● Task description
All records below are to be repeated exactly, with the pictures left out.

Image-caption web data

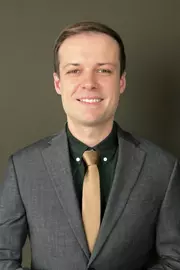 Chris Clayton
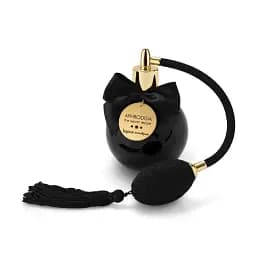 Увлажняющий спрей для тела Bijoux Indiscrets Aphrodisia 100 мл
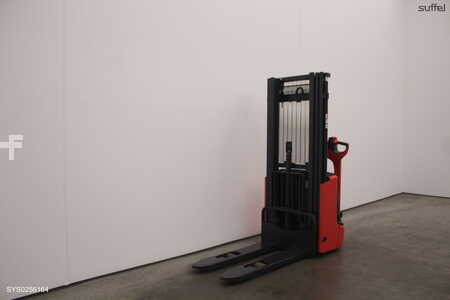 Linde L 12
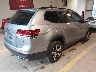 1V2DP2CA9NC****** Salvamento y Destrozados 2022 Volkswagen Atlas en Estado de Carolina del Norte
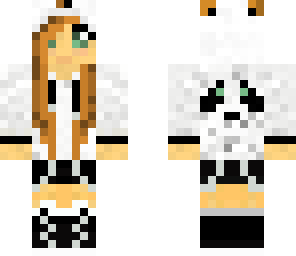 sakarixerai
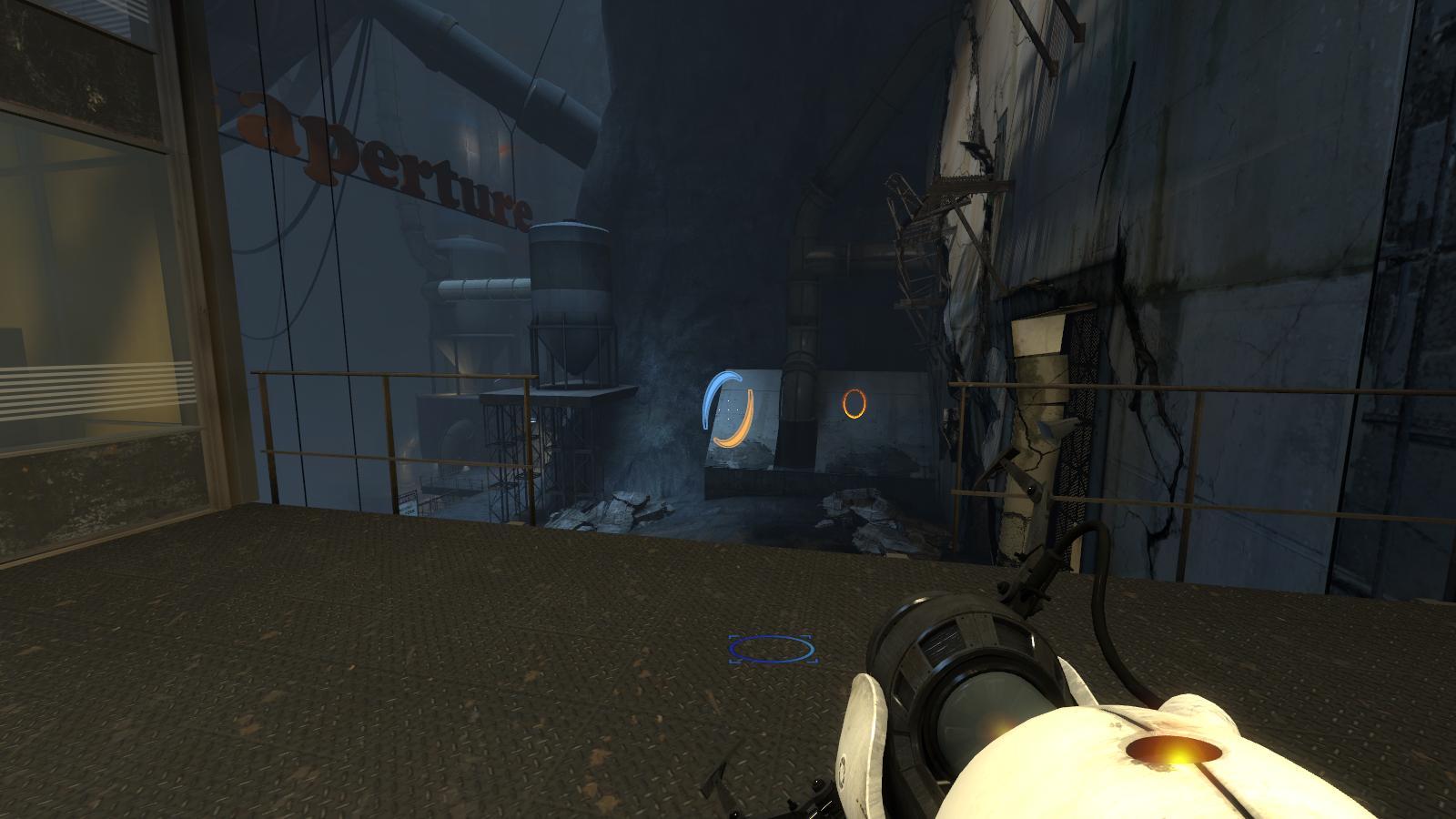 portal2 2024-05-04 22-02-08-43.jpg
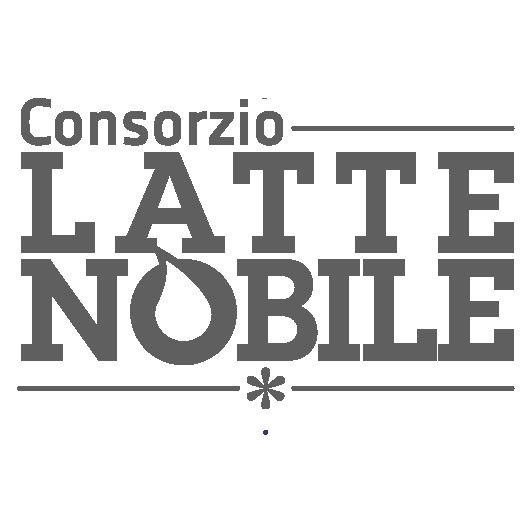 Latte Nobile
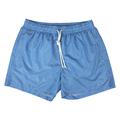 BOXER MARE 100%POLY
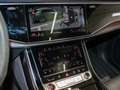 Audi RS Q8 4.0 TFSI quattro AHK Pano HeadUp B&O 23'' Grün - thumbnail 23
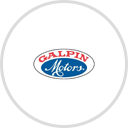 Integrity Admin Group coverage plan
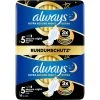 Always® Ultra Secure Night Extra Mit Flügeln Damenbinden Big Pack 16ST 1 Always® Ultra Secure Night Extra Mit Flügeln Damenbinden Big Pack 16ST -tissue paper shop always ultra damenbinden secure night extra mit flamp252geln big pack 16st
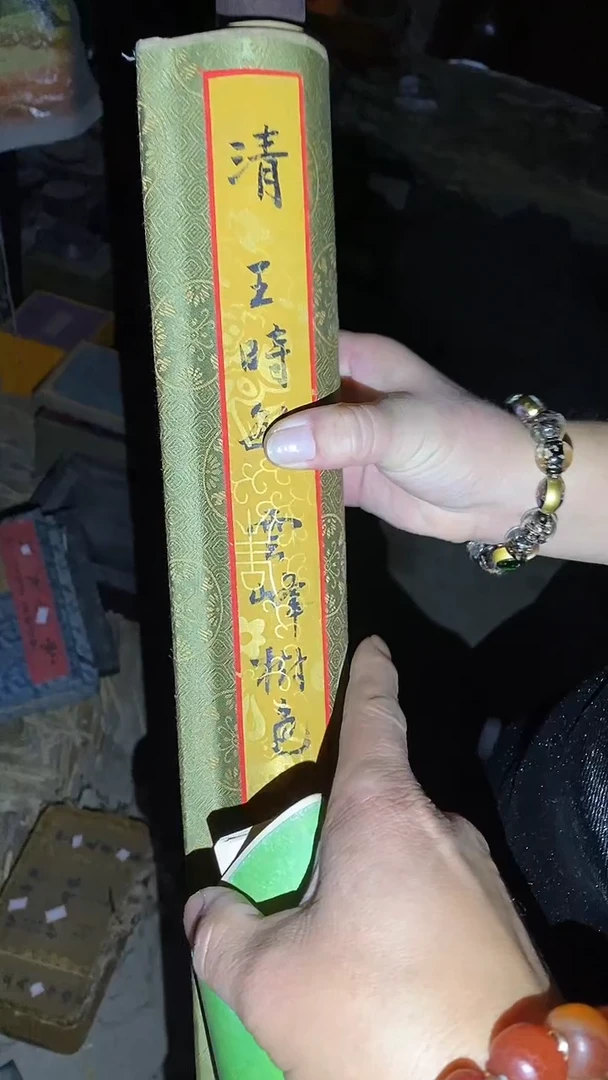 木59啊啊啊啊啊啊啊啊啊啊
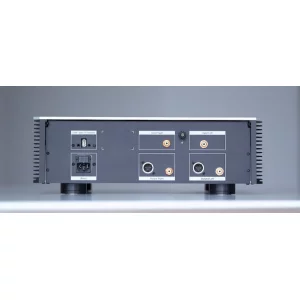 Фонокорректор Soulution 350 Phono stage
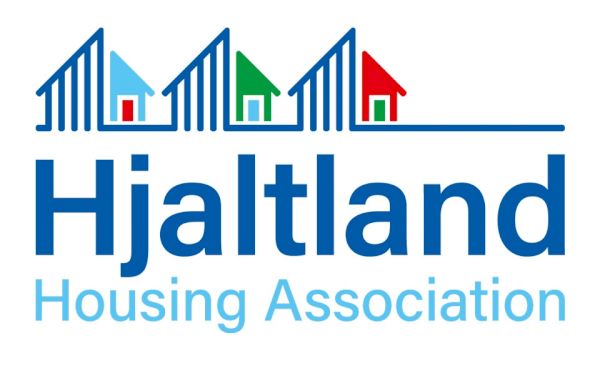hjaltland-housing-–-shetland-times-online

● Task output
 Chris Clayton
 Увлажняющий спрей для тела Bijoux Indiscrets Aphrodisia 100 мл
 Linde L 12
 1V2DP2CA9NC****** Salvamento y Destrozados 2022 Volkswagen Atlas en Estado de Carolina del Norte
 sakarixerai
 portal2 2024-05-04 22-02-08-43.jpg
 Latte Nobile
 BOXER MARE 100%POLY
 Audi RS Q8 4.0 TFSI quattro AHK Pano HeadUp B&O 23'' Grün - thumbnail 23
 Integrity Admin Group coverage plan
 Always® Ultra Secure Night Extra Mit Flügeln Damenbinden Big Pack 16ST 1 Always® Ultra Secure Night Extra Mit Flügeln Damenbinden Big Pack 16ST -tissue paper shop always ultra damenbinden secure night extra mit flamp252geln big pack 16st
 木59啊啊啊啊啊啊啊啊啊啊
 Фонокорректор Soulution 350 Phono stage
hjaltland-housing-–-shetland-times-online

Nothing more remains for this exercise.